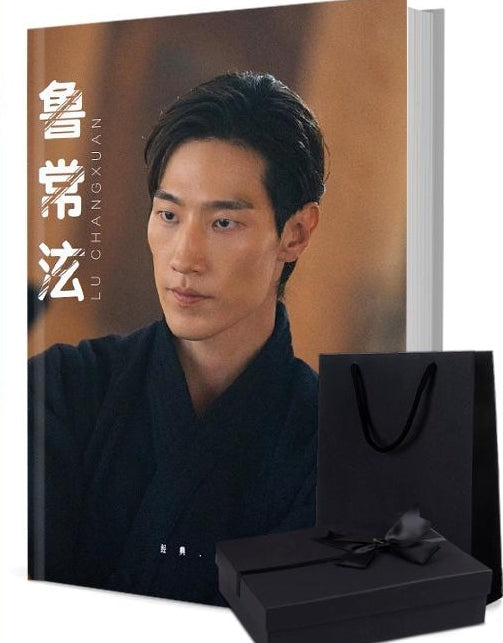 李沐（ムーン・リー） 写真集1冊 A4ポスター4枚 しおり4枚 LOMOカード10枚-華流グッズストア

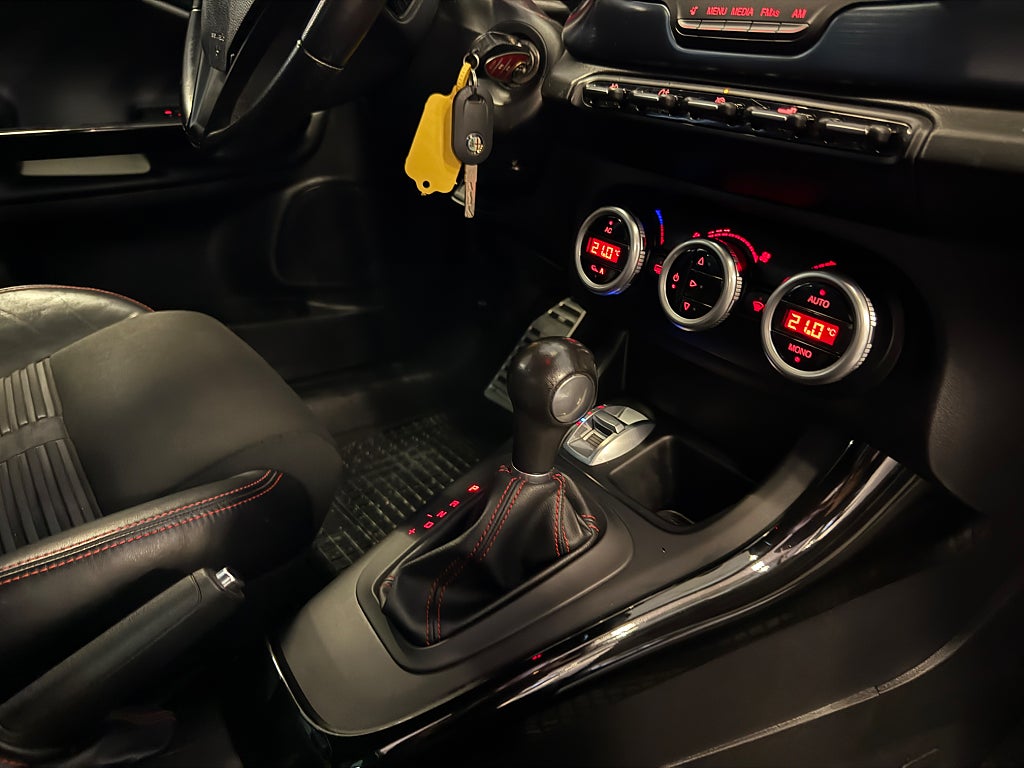 Alfa Romeo Giulietta 2013 - miniatyr 21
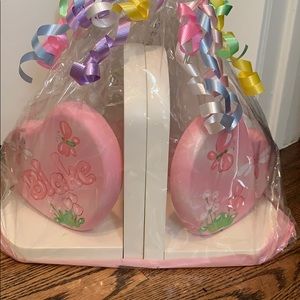 Blake wood book ends pink/ cream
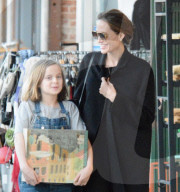 EXKLUSIV - Angelina bummelt mit den Klein Vivienne in Larchmont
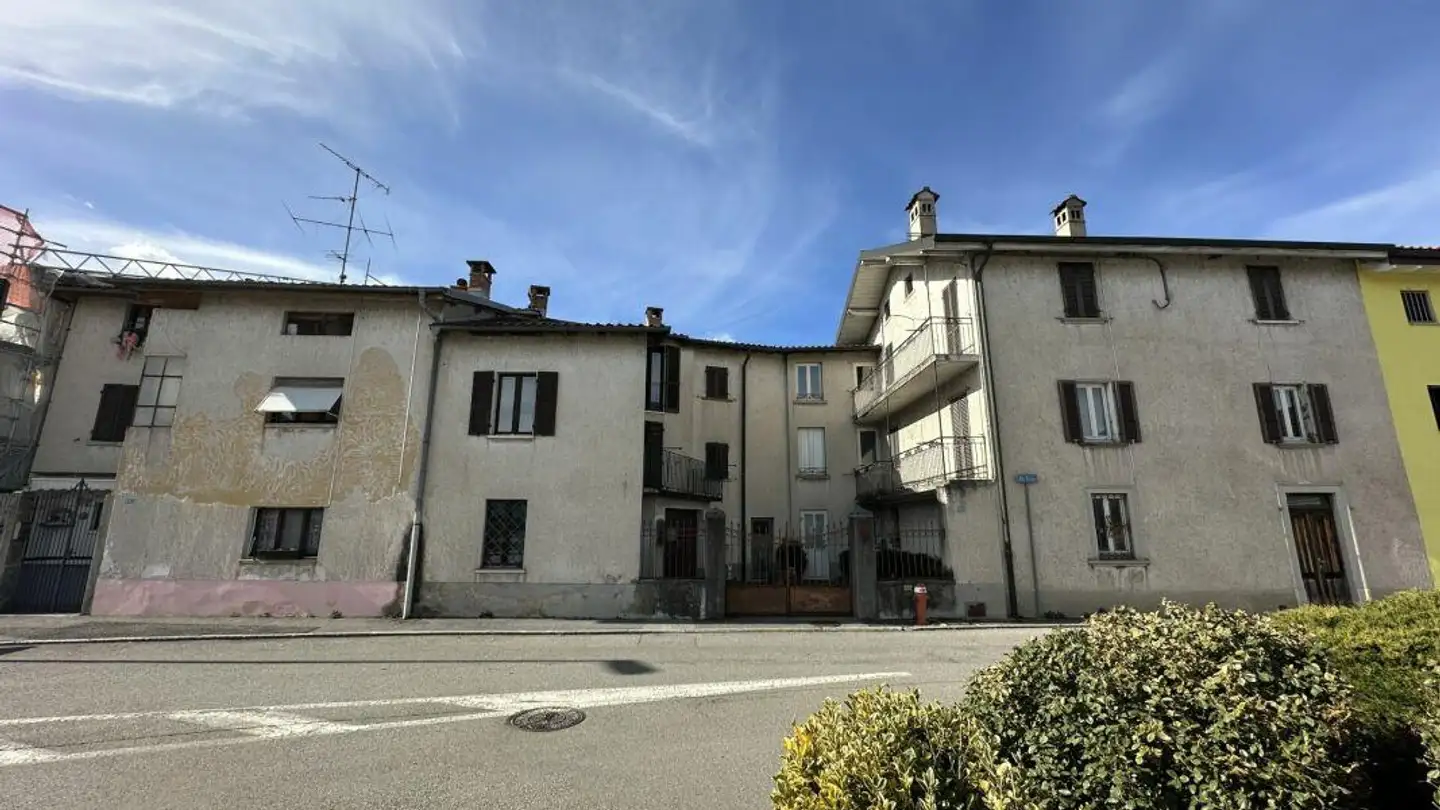 Immeuble résidentiel à vendre - 6855 Stabio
==*==
▶ [WHAT IS REQUIRED]: Copy the data in full. No pictures belong in the copy.

▶ [YOUR SOLUTION]:
 李沐（ムーン・リー） 写真集1冊 A4ポスター4枚 しおり4枚 LOMOカード10枚-華流グッズストア

 Alfa Romeo Giulietta 2013 - miniatyr 21
 Blake wood book ends pink/ cream
 EXKLUSIV - Angelina bummelt mit den Klein Vivienne in Larchmont
 Immeuble résidentiel à vendre - 6855 Stabio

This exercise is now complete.